• _EXERCISE_
Where a line contains the word "Black", copy that line from the records below.

• _SOURCE RECORDS_
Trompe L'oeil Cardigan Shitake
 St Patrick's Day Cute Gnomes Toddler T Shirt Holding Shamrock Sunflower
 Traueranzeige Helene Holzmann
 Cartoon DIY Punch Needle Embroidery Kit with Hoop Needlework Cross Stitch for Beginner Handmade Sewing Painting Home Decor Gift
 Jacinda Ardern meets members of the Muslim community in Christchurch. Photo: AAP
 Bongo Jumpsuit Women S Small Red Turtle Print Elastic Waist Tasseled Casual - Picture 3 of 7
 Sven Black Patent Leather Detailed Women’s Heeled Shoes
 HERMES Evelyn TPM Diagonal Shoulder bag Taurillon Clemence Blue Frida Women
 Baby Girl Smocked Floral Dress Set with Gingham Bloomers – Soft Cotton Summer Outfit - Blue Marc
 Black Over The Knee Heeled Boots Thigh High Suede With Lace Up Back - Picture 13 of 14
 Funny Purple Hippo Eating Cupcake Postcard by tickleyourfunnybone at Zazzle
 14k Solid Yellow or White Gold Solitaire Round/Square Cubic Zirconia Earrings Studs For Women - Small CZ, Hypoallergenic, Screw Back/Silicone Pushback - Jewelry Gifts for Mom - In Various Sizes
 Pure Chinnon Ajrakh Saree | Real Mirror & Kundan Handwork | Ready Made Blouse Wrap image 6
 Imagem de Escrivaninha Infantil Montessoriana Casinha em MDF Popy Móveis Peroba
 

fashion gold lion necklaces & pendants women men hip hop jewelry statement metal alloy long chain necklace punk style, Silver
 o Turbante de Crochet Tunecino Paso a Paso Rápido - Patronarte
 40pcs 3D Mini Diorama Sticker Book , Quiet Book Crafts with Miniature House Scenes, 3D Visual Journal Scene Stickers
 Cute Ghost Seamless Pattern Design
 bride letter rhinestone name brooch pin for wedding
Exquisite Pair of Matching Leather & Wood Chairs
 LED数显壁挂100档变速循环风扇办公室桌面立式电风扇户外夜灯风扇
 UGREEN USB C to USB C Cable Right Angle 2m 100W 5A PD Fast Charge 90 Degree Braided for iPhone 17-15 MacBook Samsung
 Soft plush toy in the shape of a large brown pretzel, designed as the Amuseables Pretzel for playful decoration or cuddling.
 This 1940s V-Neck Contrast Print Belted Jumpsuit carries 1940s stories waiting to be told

• _WRITTEN ANSWER_
 Sven Black Patent Leather Detailed Women’s Heeled Shoes
 Black Over The Knee Heeled Boots Thigh High Suede With Lace Up Back - Picture 13 of 14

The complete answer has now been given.